Electricity utility Eskom on Tuesday reported net profit after tax of R3.535-billion for the year-ended December 31, 2003, from R3.707-billion in the prior year.

Net operating income was R6.818-billion, while the profit after interest was R5.514-billion.

Revenue rose 10.6 percent to R32.848-billion from R29.684-billion as electricity sales increased by 4.8 percent compared with 3.5 percent in 2002.

In February 2004, electricity consumption in South Africa rose by 7.2 percent year-on-year bringing electricity consumption growth in the three months December to February to 6.3 percent year-on-year.

Eskom CEO Thulani Gcabashe expects growth for the full year to be in the range of 4.5 percent to five percent.

Delays in SNO stake

The utility raised an impairment provision of R649-million against the investment by its commercial subsidiary, Eskom Enterprises, in the fixed-line second network operator, due to delays in the licensing of the new competitor to Telkom. It is expected to be licensed in June.

It also wrote off a R154-million investment in Lesotho Mountain Communications.
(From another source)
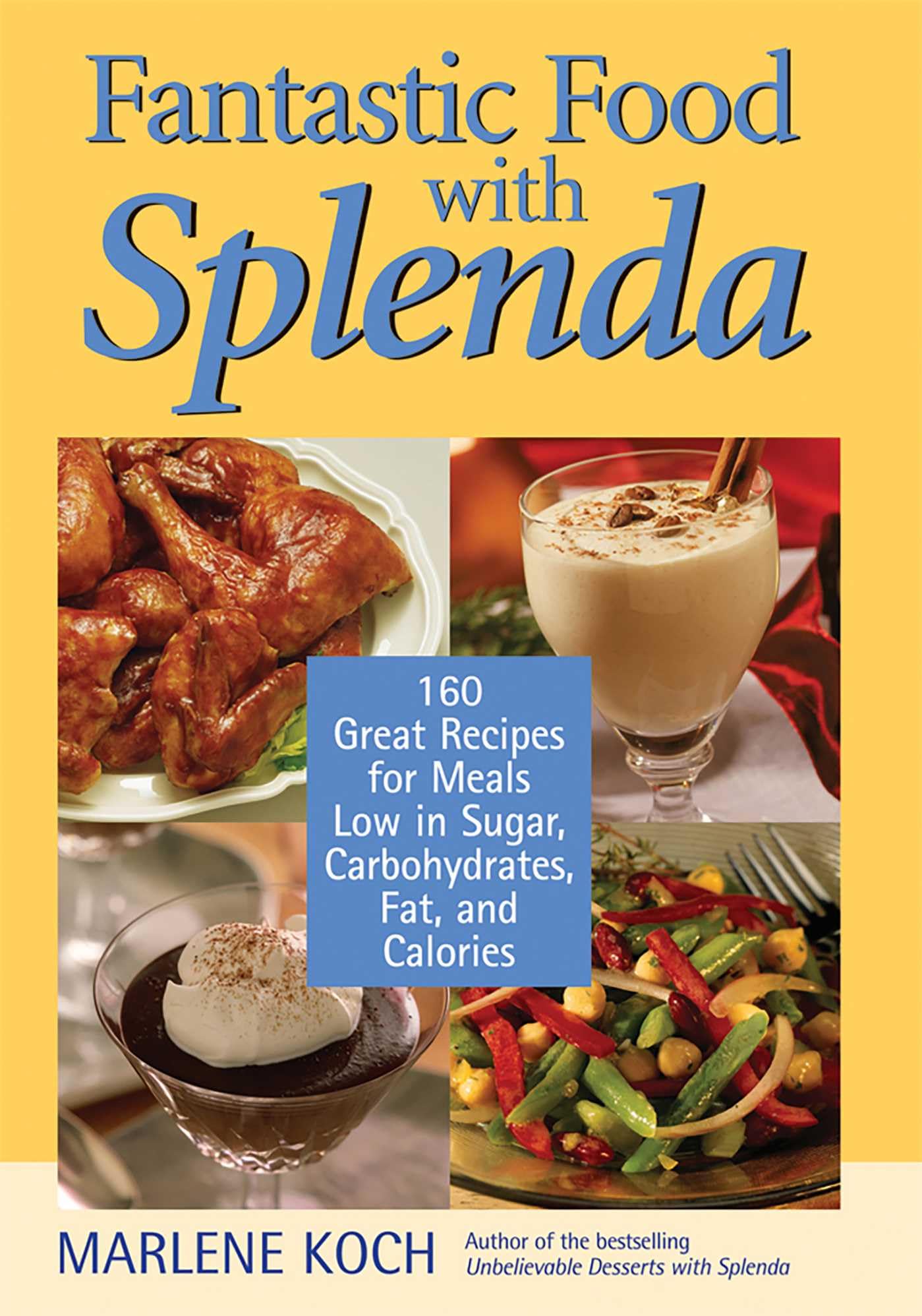 Cover of Fantastic Food with Splenda: 160 Great Recipes for Meals Low in Sugar, Carbohydrates, Fat, and Calories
No pressure on bond market

Eskom will not put any pressure on the South African bond market, as its bond issuance will be R4-billion at most this year, Eskom finance director Willem Kok told I-Net Bridge on Tuesday.
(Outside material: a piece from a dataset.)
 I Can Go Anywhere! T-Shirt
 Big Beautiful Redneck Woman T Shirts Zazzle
Speaking after the electricity utility's annual results presentation, Kok said it would most probably be less than R3-billion, but could go to R4-billion if Eskom Enterprises needed funds for one of their projects in the rest of Africa.

"We actually do not need to come to the capital market this year, as we have more than enough free cash flow to cover our capital expenditure needs of R6-billion, but we are committed to keeping a profile in the capital market on an ongoing basis," Kok said.

Debt-equity ratio

Eskom reduced its debt-equity ratio to 0.3 in 2003 from 0.46 in 2002. This is its lowest debt-equity ratio in 30 years.

"I would prefer this kind of debt-equity ratio compared with the above three ratio that we had in the mid-1980s. We can comfortably grow this ratio to parity, but it all depends on how much of the new electricity generation capacity will be funded by Eskom," Kok added.

Eskom asked for a 8.5 percent electricity tariff increase for this year, but the National Electricity Regulator (NER) only granted a 2.5 percent increase.

Underlying its request for an 8.5 percent increase is Eskom's argument that its average prices need to increase from 2004 onwards in order to fund the new generation capacity required by the country in the future. Current forecasts indicate that significant investment in new capacity will start picking up from 2007.

Re-commissioning power stations

At present Eskom will first re-commission mothballed power stations such as Camden. It also has plans for a pumped-storage hydro-electric plant at Braamhoek in the Drakensberg that can be used to meet peak demand.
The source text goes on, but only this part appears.